Example of ldap query for getting the number of LogicalCPUs published by a CREAM-CE:

$ ldapsearch -x -LLL -H ldap://egee-bdii.cnaf.infn.it:2170 -b "GLUE2DomainID=UKI-SOUTHGRID-SUSX,GLUE2GroupID=grid,o=glue" 'objectClass=GLUE2ExecutionEnvironment' GLUE2ExecutionEnvironmentLogicalCPUs 
GLUE2ExecutionEnvironmentPhysicalCPUs GLUE2ExecutionEnvironmentTotalInstances

dn: GLUE2ResourceID=grid-cream-02.hpc.susx.ac.uk,GLUE2ServiceID=grid-cream-02.hpc.susx.ac.uk_ComputingElement,GLUE2GroupID=resource,GLUE2DomainID=UKI-SOUTHGRID-SUSX,GLUE2GroupID=grid,o=glue
GLUE2ExecutionEnvironmentTotalInstances: 71
GLUE2ExecutionEnvironmentLogicalCPUs: 568
GLUE2ExecutionEnvironmentPhysicalCPUs: 71

Manual for Hepspec06 benchmark.

In December the new way will be moved in production, so if during October many sites fix the information, the new NGIs A/R average values will improve.

Decommissioning EMI WMS

As discussed at the February and April/May OMBs, we are making plans for decommissioning the WMS and moving to DIRAC.

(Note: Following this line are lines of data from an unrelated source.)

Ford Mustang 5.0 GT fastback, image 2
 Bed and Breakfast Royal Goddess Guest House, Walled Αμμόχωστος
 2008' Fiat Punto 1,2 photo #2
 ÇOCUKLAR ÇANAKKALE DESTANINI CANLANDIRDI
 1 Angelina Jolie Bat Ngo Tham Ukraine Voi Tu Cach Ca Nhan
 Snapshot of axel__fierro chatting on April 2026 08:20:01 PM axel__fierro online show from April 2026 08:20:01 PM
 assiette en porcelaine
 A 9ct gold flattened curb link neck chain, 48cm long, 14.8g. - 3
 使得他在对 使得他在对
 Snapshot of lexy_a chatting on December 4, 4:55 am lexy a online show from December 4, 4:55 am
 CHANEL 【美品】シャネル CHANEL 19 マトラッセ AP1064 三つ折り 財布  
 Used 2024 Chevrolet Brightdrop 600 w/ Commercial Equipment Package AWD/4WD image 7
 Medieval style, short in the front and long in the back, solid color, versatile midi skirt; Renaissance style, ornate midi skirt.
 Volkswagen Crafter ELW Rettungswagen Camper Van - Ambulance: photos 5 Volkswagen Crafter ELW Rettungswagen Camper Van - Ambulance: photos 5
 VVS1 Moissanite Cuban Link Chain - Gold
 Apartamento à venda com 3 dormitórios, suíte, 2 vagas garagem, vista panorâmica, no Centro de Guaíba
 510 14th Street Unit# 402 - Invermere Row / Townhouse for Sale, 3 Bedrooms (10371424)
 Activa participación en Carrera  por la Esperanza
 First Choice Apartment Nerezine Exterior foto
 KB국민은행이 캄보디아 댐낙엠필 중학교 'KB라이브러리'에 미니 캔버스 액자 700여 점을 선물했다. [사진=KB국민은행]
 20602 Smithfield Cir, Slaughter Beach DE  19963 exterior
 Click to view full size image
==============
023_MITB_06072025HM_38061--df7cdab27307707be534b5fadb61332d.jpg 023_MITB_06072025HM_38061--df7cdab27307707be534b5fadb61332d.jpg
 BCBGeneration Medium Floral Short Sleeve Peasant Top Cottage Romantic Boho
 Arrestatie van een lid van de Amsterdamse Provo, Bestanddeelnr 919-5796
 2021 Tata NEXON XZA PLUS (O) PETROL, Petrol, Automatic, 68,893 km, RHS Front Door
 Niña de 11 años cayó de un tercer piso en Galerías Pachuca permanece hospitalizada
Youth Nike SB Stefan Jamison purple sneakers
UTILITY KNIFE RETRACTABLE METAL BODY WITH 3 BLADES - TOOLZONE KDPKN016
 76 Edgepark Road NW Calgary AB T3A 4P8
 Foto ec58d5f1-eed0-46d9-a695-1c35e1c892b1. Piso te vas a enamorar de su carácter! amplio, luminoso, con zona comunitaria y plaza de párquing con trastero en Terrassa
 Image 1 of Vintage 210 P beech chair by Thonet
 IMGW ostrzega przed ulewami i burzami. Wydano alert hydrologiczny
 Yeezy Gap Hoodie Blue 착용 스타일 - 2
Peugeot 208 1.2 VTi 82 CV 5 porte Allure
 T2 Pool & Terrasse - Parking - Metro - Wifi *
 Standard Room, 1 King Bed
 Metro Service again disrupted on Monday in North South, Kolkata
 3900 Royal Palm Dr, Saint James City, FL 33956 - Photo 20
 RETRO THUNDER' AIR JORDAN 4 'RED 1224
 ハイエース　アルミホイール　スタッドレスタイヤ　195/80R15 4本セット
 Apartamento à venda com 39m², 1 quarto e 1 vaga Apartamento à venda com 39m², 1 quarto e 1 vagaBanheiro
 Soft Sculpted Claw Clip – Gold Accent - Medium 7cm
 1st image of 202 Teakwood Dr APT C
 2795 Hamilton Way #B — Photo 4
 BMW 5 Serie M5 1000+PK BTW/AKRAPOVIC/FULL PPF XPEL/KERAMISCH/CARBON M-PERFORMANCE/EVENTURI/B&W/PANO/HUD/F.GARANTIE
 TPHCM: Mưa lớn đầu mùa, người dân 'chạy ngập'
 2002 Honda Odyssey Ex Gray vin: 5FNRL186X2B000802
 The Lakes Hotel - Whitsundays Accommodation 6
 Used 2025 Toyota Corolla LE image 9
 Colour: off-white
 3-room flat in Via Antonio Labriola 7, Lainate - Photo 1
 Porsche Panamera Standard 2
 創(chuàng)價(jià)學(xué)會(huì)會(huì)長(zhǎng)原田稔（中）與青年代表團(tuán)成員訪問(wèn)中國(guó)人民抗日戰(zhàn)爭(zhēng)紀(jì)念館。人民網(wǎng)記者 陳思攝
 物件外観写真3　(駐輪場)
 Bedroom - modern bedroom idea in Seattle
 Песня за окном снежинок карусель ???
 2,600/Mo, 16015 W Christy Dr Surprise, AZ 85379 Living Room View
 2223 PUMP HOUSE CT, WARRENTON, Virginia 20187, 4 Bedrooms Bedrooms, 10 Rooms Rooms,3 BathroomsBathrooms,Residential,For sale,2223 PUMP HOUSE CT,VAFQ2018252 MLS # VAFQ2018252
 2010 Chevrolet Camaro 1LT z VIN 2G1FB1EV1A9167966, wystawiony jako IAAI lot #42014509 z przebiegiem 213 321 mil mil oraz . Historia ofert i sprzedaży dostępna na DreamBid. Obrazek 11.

NGIs provided WMS usage statistics, and in general the usage is relatively low, mainly for local testing

Moderate usage by few VOs:

NGI_CZ: eli-beams.eu
NGI_GRNET: see
NGI_IT: calet.org, compchem, theophys, virgo
NGI_PL: gaussian, vo.plgrid.pl, vo.nedm.cyfronet
NGI_UK: mice, t2k.org

EGI contacted these VOs to agree a smooth migration of their activities to DIRAC, only some of them replied till now:

compchem is already testing DIRAC4EGI
calet.org: discussing with the users the migration to DIRAC. Interested in a webinar on DIRAC.
mice: enabled on the GridPP DIRAC server
eli-beams.eu enabled on DIRAC4EGI for performing tests

We need the VOs feedback for better defining technical details and timeline:

NGIs with VOs using WMS (not necessarily limited to the VOs above), please contact them to ensure that these VOs have a back-up plan.

The plan

WMS servers can be decommissioned as soon as the supported VOs do not need them any more: Please follow the procedure PROC13. The proposal is:

Starting from January 2018, put the WMS servers in draining: this will block the submission of new jobs and will allow the jobs previously submitted to finish
- inform in advance your users that you are going to put in draining and then dismiss the WMS servers (as per PROC13)
- there might be several VOs enabled on your WMS servers: in case only few of them need to use the service for few weeks more, you might disable the other VOs
EGI Operations will send a new broadcast to the VOs reminding the users the forthcoming WMS decommission
After the end of February, EGI Operations will open a ticket to the sites that haven't started the decommission process yet

VOs have about 1 months to find alternatives or migrate to DIRAC:

the HOWTO22 explains how a VO can request the access to DIRAC4EGI and how interact with it by CLI

IPv6 readiness plans

assessment ongoing https://wiki.egi.eu/w/index.php?title=IPV6_Assessment
still missing NGIs/ROCs

Decommissioning of dCache 2.10 and 2.13

decommissioning campaign started by EGI Operations http://go.egi.eu/decommdcache213
- still left: CA-VICTORIA-WESTGRID-T2, CA-SCINET-T2, INFN-ROMA1-CMS

webdav probes in production

The webdav probes have been deployed in production. Several sites publish the webdav protocol in the BDII: they have been asked to register the endpoint on GOC-DB and to enable the monitoring, if it wasn't already done.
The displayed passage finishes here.